Pour moi, c’est un peu particulier parce que je viens d’avoir un bébé. Du coup, j’ai eu un peu de temps pour m’occuper de ma fille, et j’étais content d’être à la maison avec elle, d’aider ma femme. Ma femme était contente, j’étais tout le temps à la maison ! Homme au foyer, père au foyer. Mais après, c’était vraiment compliqué sur le plan sportif, surtout au début. On ne savait rien, on était dans l’attente. A un moment on parlait de l’annulation des Jeux Olympiques, c’était dur pour nous car on venait de se qualifier, et c’est le rêve de tous les volleyeurs et de tous les sportifs.
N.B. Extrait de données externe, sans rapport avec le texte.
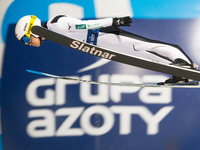 Yukiya Sato (JPN) during the FIS ski jumping World Cup, Wisla, Poland, on November 20, 2020. (
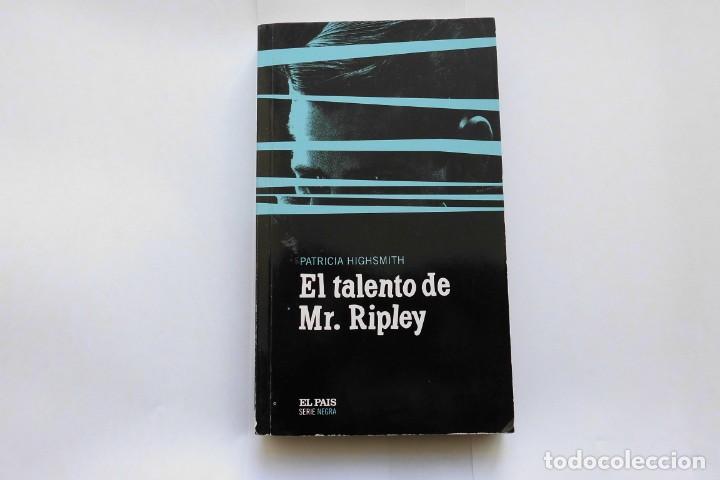 Libros de segunda mano: El talento de Mr. Ripley. Patricia Highsmith. Libro - Foto 1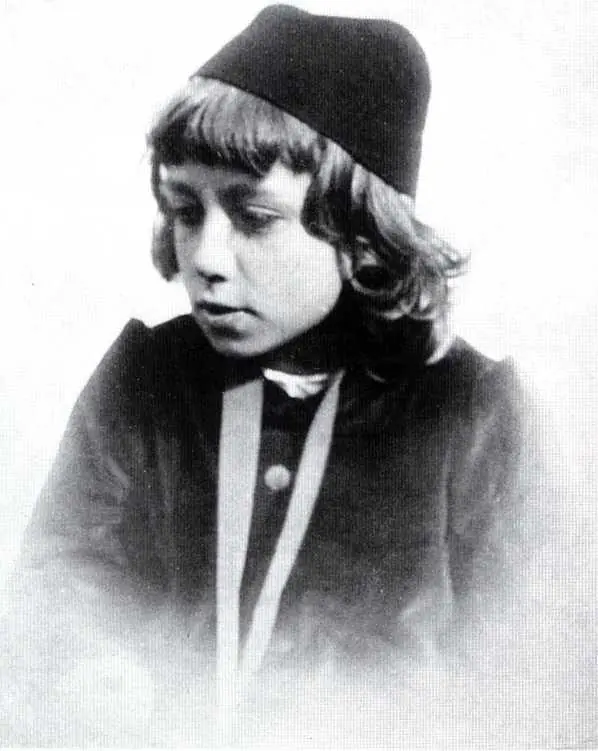 С М Соловьев в Италии О М Соловьева М С Соловьев - фото 3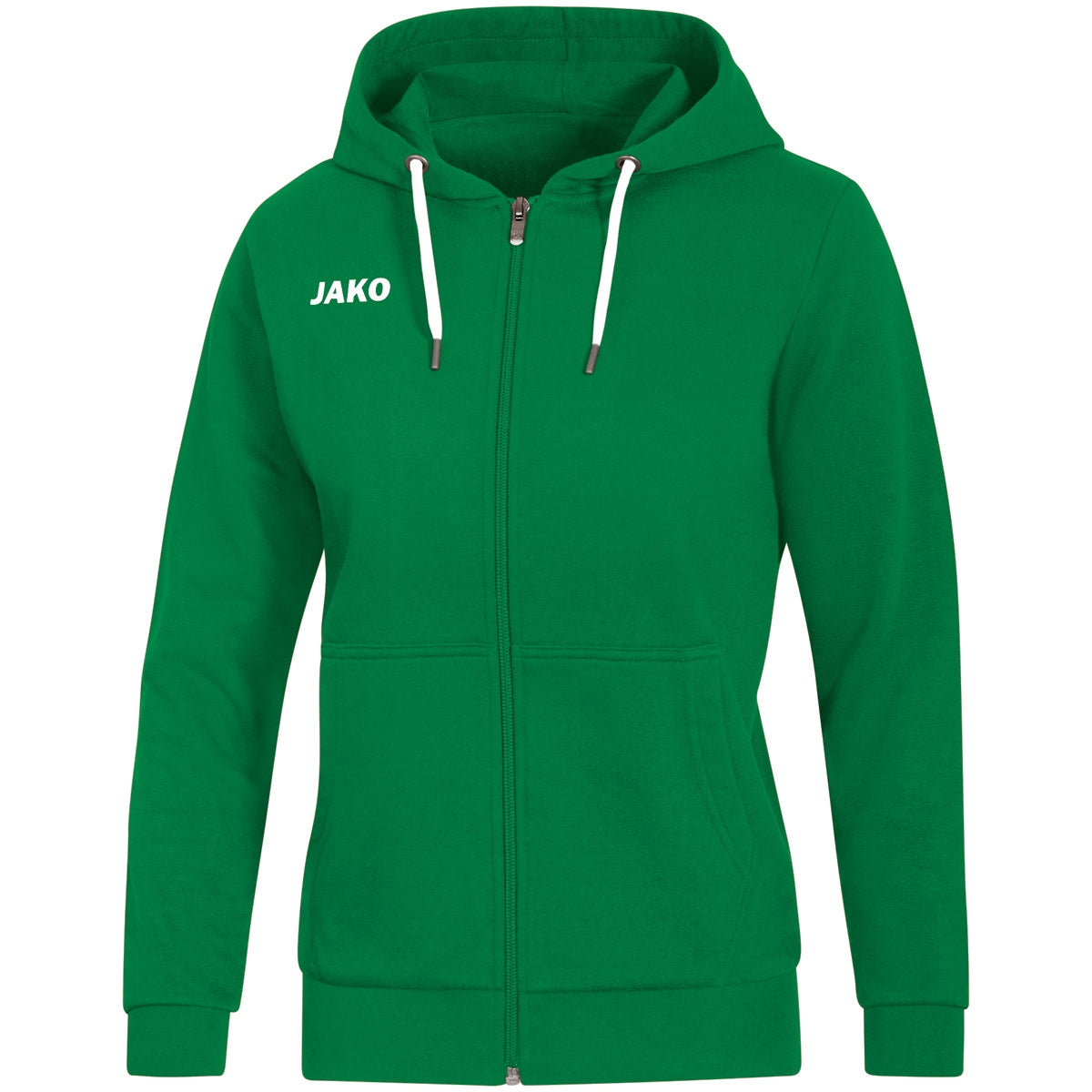 JAKO Kapuzenjacke Base Damen (sportgrün)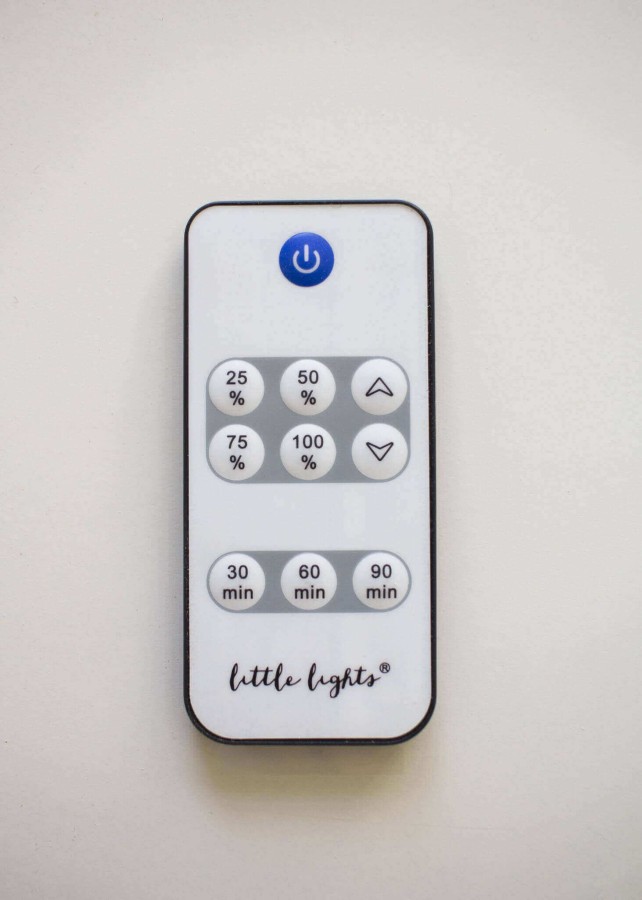 Lampa Little Lights Ptaszek Mini KHAKI /Little Lights
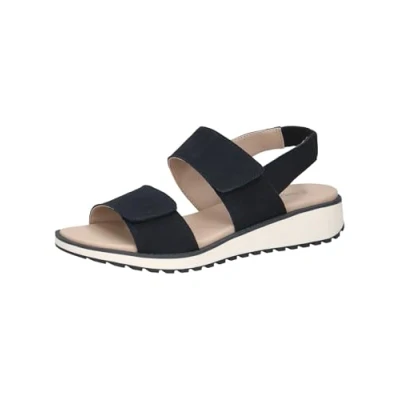Abbildung von Caprice Trekkingsandale, Damen, Größe: 36, Ocean suede Schuhe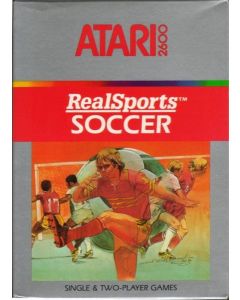 RealSports Soccer-Standaard (Atari 2600) Gebruikt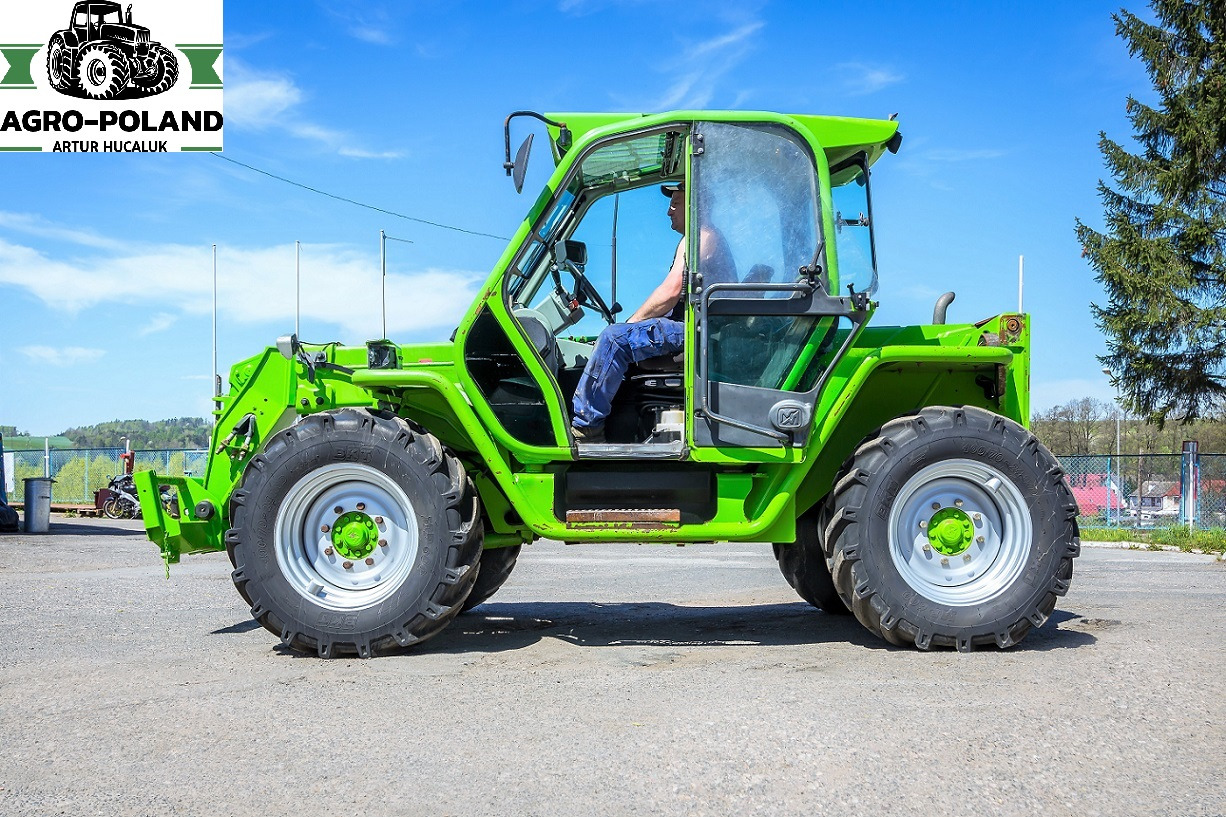 Телескопический погрузчик MERLO P 41.7 FARMER - 2013 ROK - ŁYŻKA: фото 5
C’est annoncé pour l’année prochaine, mais ce n’est pas encore sûr, et s’ils prennent la décision de les annuler complètement, ce sera difficile à vivre pour beaucoup d’athlètes. Concernant le championnat polonais, nous étions dans l’attente pendant deux semaines, afin de savoir si on allait reprendre ou pas. C’était un peu bizarre, on faisait ce qu’il fallait pour rester en forme et pour être prêt à reprendre, mais finalement ils ont annoncé que le championnat serait annulé. Il y a eu un peu de relâchement du coup, je me suis dit que ça allait être un été un peu tranquille, pour se reposer. J’en ai profité pour voir ma famille depuis que je suis rentré en France, et pour m’occuper du bébé. Et désormais, je me prépare pour la reprise.
Avec cette crise sanitaire, l’avantage, c’est que les voyages incessants du volleyeurs ont pris fin…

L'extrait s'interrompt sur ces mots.